La única solución es despenalizar las drogas, empezando por la marihuana, que no es más dañina que el alcohol. Desde hace más de un cuarto de siglo lo venimos proponiendo diversos ciudadanos y hoy se trata de una demanda que han hecho suya relevantes personajes del mundo intelectual y hasta del político.
Algunas buenas conciencias suponen que despenalizar las drogas llevará a muchas personas a convertirse en adictas. Tal vez se eleve la tendencia al consumo en una primera etapa, pero experiencias como la de Holanda demuestran que el consumo nacional se mantiene constante, sea legal o ilegal.

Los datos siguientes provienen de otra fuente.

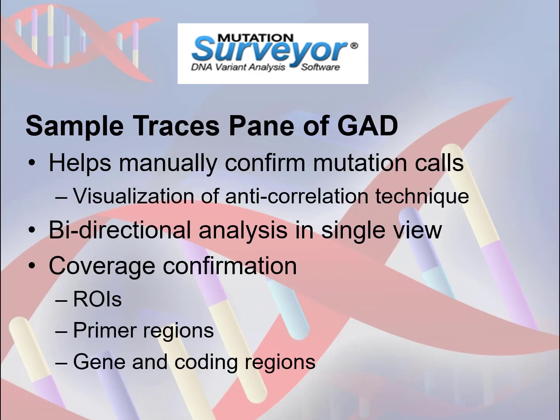The Sample Traces pane of the GAD is an essential component for project review. It allows for manual review and confirmation of mutation calls through the display of the anti-correlation technique results. Bidirectional analysis is provided in a single view by grouping the forward and reverse directional traces together to better visualize whole sample analysis for an amplicon.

Por supuesto, la despenalización, para ser eficaz, tiene que estar acompañada de una nueva normatividad que señale dónde, cuándo, en qué cantidades y bajo cuáles condiciones se puede consumir una sustancia de las ahora prohibidas. Por seguir con el caso de Holanda, allá la venta se realiza en lugares llamados "cafés" —donde no necesariamente se vende el líquido negro—, en dosis rigurosamente determinadas y la casa se niega invariablemente a servir "las otras".
Alguien dirá que allá es Holanda y acá es México, como si los habitantes de aquel país fueran marcianos y los mexicanos estuviéramos situados más abajo en la escala zoológica. Pero no. Aquí y allá hay seres humanos. Lo diferente es la legislación y en aquel país son contadas las personas detenidas por delitos contra la salud. Como en todas partes, hay quien pretende ir más allá de la norma, y contra ella se encamina la acción policiaca, pero las drogas —y la criminalidad asociada a ese fenómeno—dejaron de ser un problema social y ahora son vistas como un asunto de salud al que se destina parte de los enormes presupuestos que antes eran absorbidos por el combate a la delincuencia. Aquí, en cambio, seguimos tirando dinero.